* _Given material_
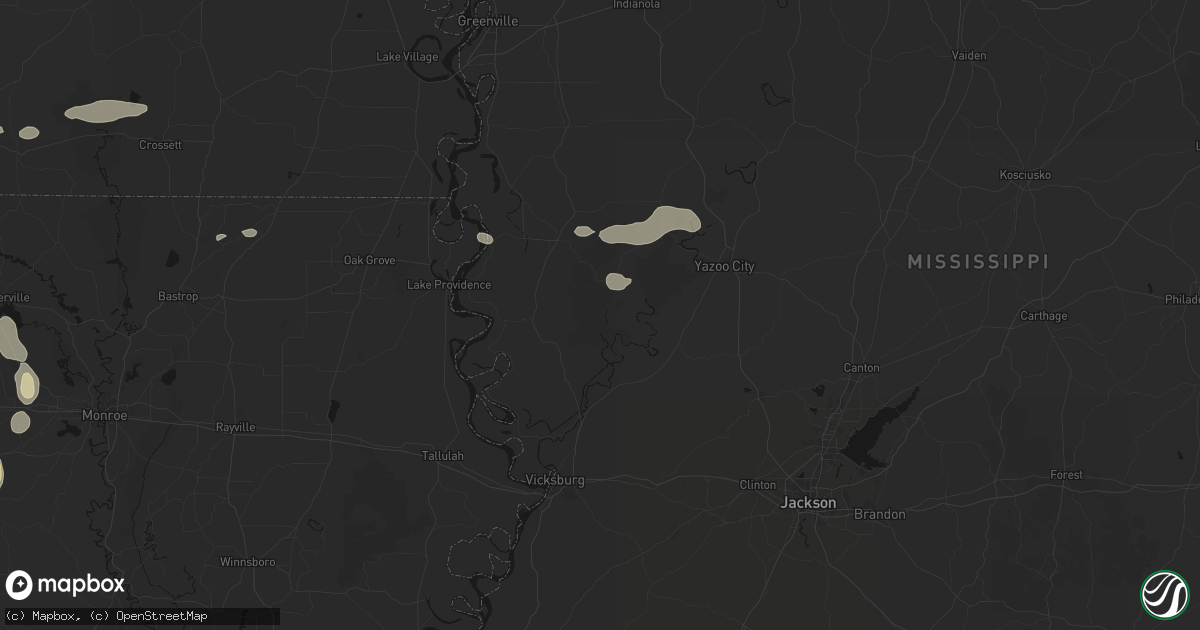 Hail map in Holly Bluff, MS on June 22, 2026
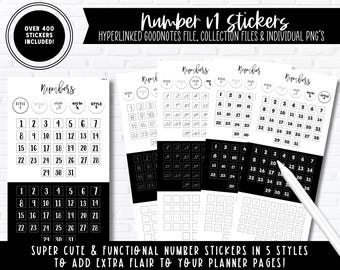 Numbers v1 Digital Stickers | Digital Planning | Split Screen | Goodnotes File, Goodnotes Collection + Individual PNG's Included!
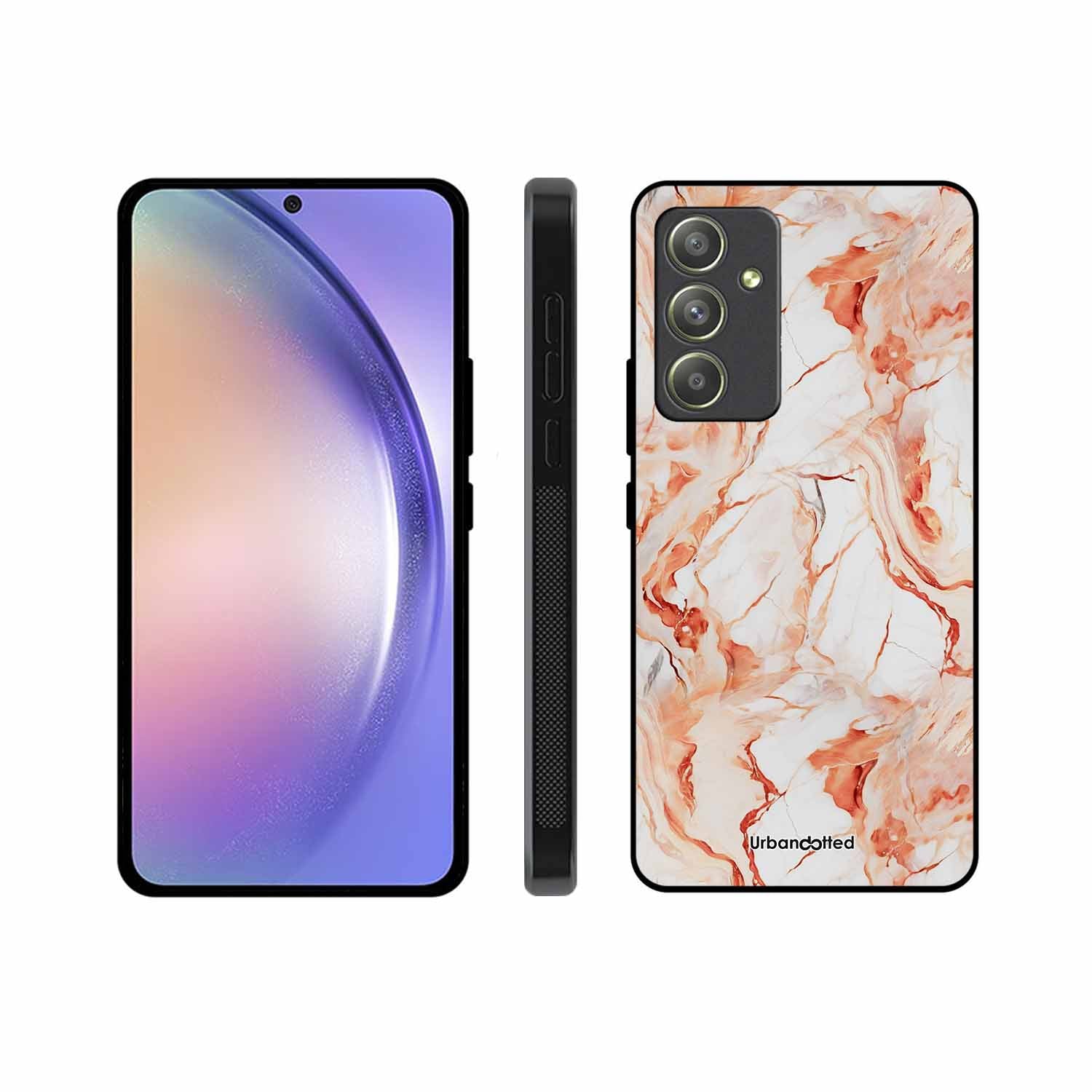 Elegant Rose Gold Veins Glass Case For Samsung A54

* _What the exercise asks_
Please write out, word for word, each line from the one with "Numbers v1 Digital" to the last line of the data, keeping both ends and omitting pictures.

* _Exercise result_
 Numbers v1 Digital Stickers | Digital Planning | Split Screen | Goodnotes File, Goodnotes Collection + Individual PNG's Included!
 Elegant Rose Gold Veins Glass Case For Samsung A54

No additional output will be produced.